» **Exercise**:
Instruction for the entries below: return the part that opens with the line containing "a hand holding" and closes with the line containing "Petra, Jordan - Ancient", exactly, and no pictures.

» **Exercise data**:

..........

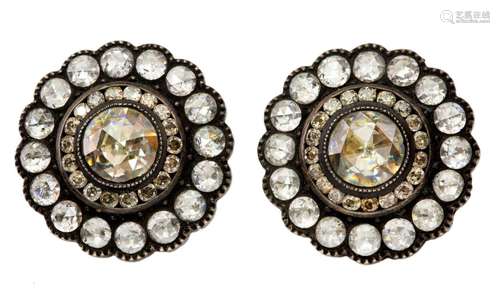 A pair of diamond earrings, each of cluster design set with ...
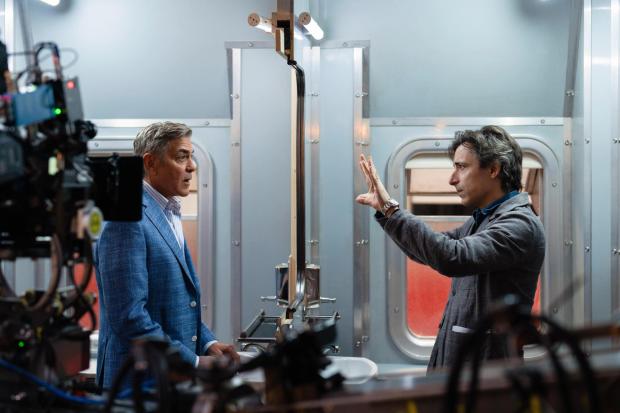 George Clooney running on set while filming Jay Kelly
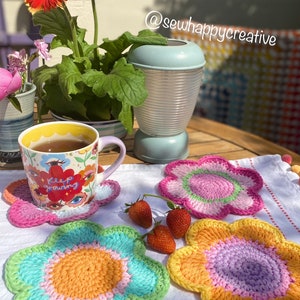 May include: Three crocheted flower-shaped coasters in pink, yellow, and green with a light blue mug with the text "Keep Growing" on a white surface with strawberries.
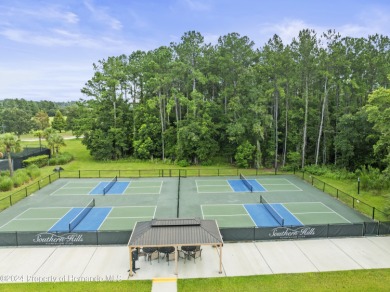 This gorgeous semi-custom home by Spire Homes includes the on Southern Hills Plantation Club in Florida - for sale on GolfHomes.com, golf home, golf lot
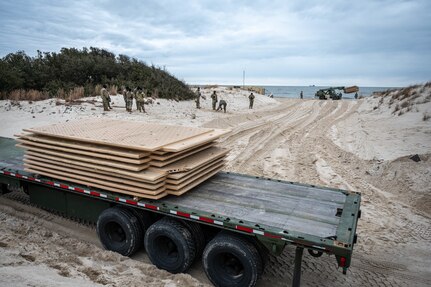 A flatbed truck holds boards for soldiers to make a boardwalk on the beach.
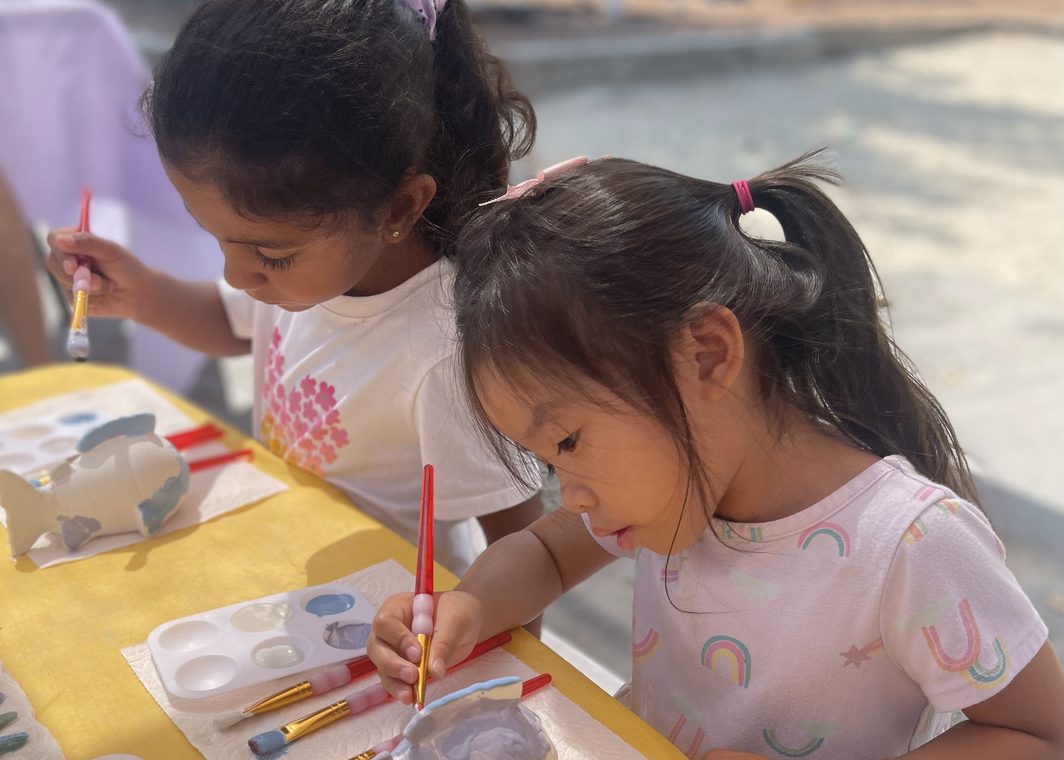 Two girls paint a plaster fish together at a yellow-covered table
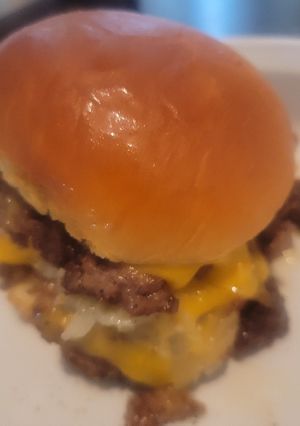 A picture of Smothered and Covered Smash Burgers on Hawaiian Buns.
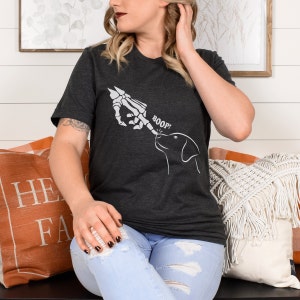May include: A dark grey t-shirt with a white skeleton hand pointing at a dog with the text "BOOP!" printed on the front.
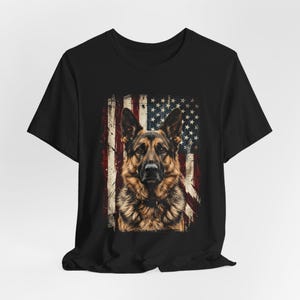 以下が含まれることがあります： 黒いTシャツ。背景に使い古されたアメリカ国旗をあしらったジャーマンシェパード犬のデザイン。犬は茶色と黒色。国旗は赤と白のストライプと、白い星が散りばめられた青い部分があります。愛国的なテーマ。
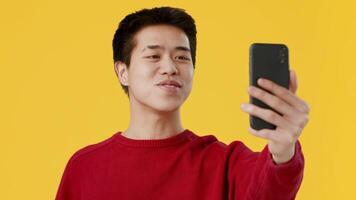 Asian young man dressed in a red sweater happily waves at his smartphone while smiling against a vibrant yellow background, showcasing a cheerful moment of connection or communication. video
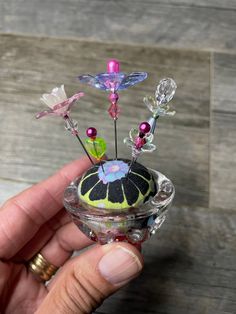 a hand holding a small glass vase with flowers in it's center and two pins sticking out of the top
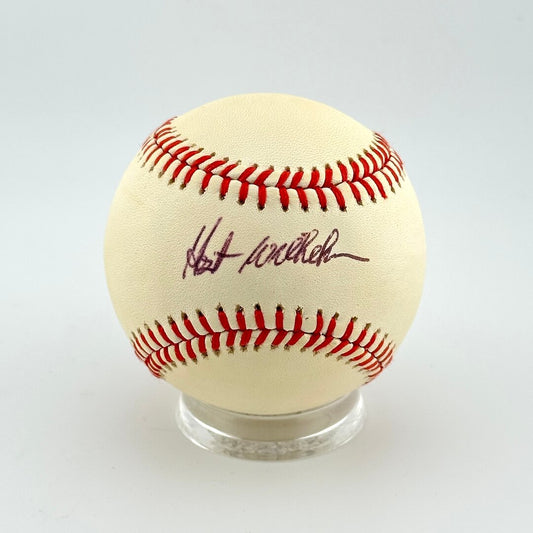 Baseball with red stitching on a clear stand against a white background
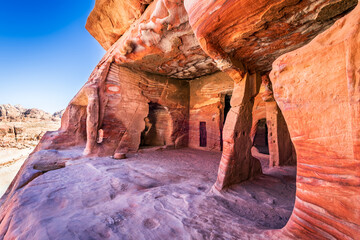 Petra, Jordan - Ancient stone carved houses in Wasi Musa - obrazy, fototapety, plakaty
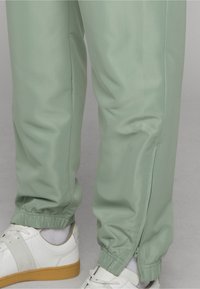 Heleroheline elastse mansetiga püksid külje lukuga pahkluu juures, kantud koos valgete kummipaelte ja valgete sokkidega.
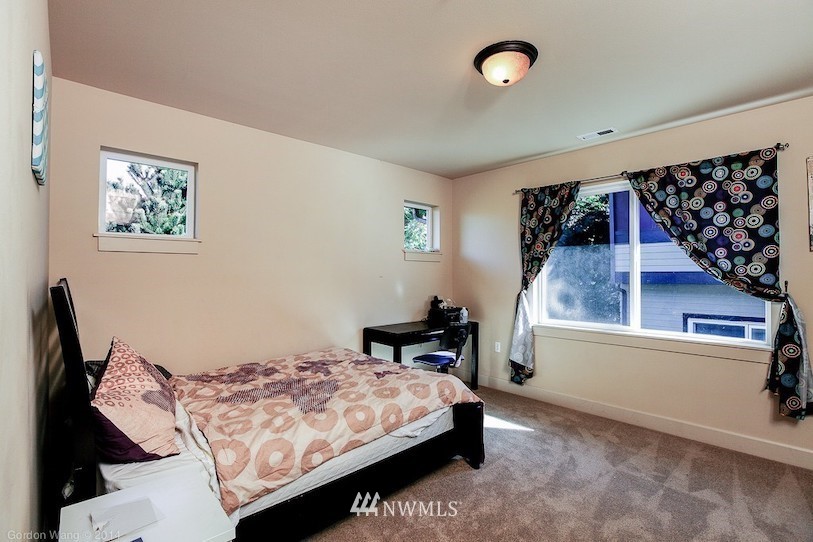 2115 201st Place Southeast, Unit F1 Bothell, WA 98012 - Photo 6 of 10 a bedroom with a bed and a window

..........

» **Result of this exercise**:
 a hand holding a small glass vase with flowers in it's center and two pins sticking out of the top
 Baseball with red stitching on a clear stand against a white background
 Petra, Jordan - Ancient stone carved houses in Wasi Musa - obrazy, fototapety, plakaty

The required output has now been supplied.